Starting with the line that has "Apartamento T3, com" in the records below and stopping after the line that has "Appartement 2 pièces", output every line exactly and nothing else; skip pictures.

━━━ Extracted records ━━━

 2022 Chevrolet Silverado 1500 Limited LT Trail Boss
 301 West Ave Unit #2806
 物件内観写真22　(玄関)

━━━
━━━ Extracted records ━━━

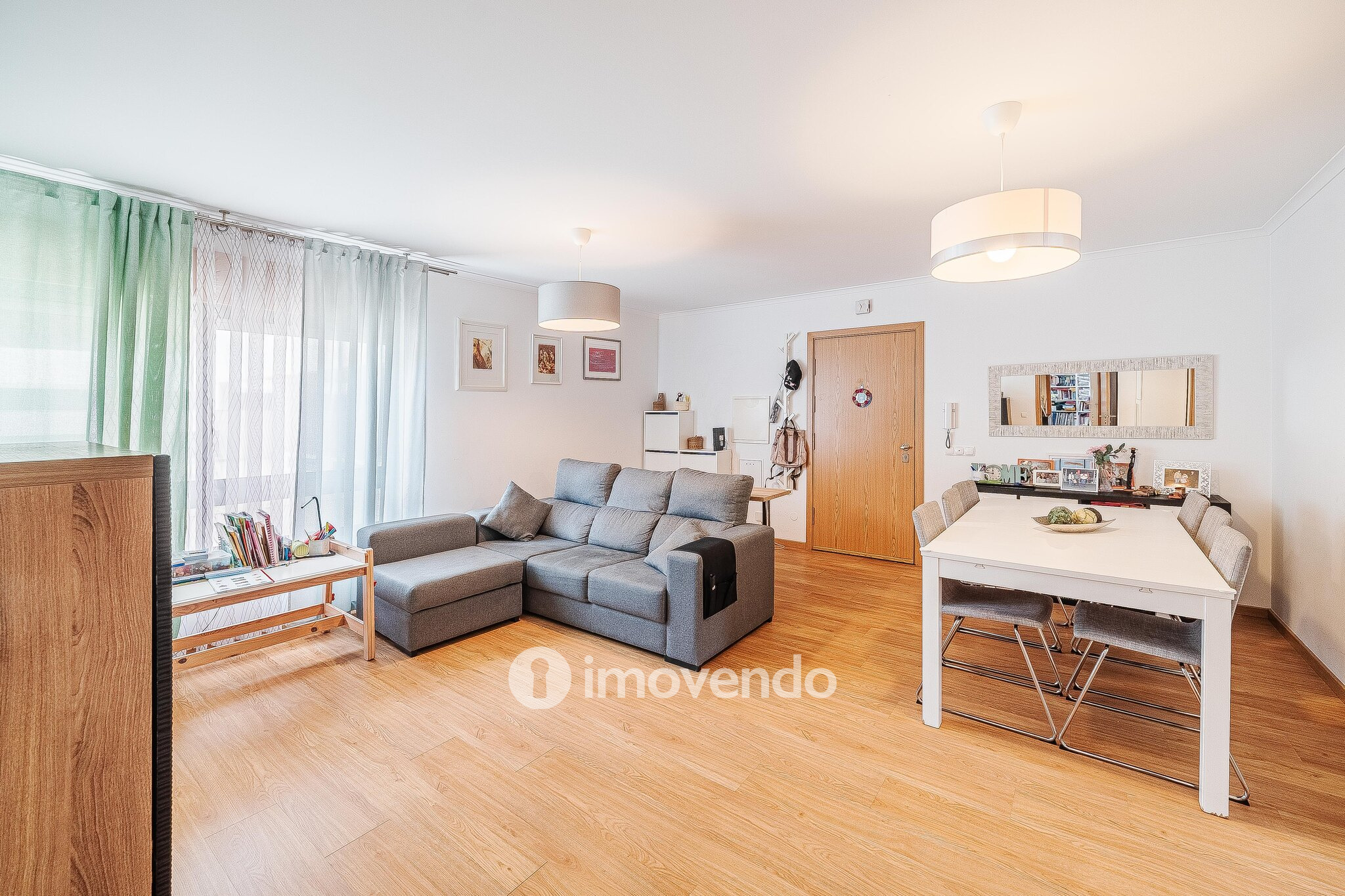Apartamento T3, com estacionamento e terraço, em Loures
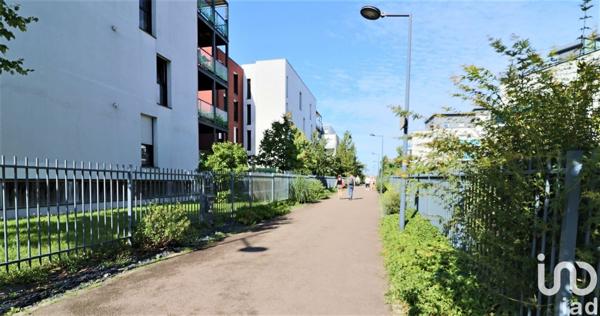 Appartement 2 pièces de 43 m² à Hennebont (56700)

━━━

_Exercise solution_
Apartamento T3, com estacionamento e terraço, em Loures
 Appartement 2 pièces de 43 m² à Hennebont (56700)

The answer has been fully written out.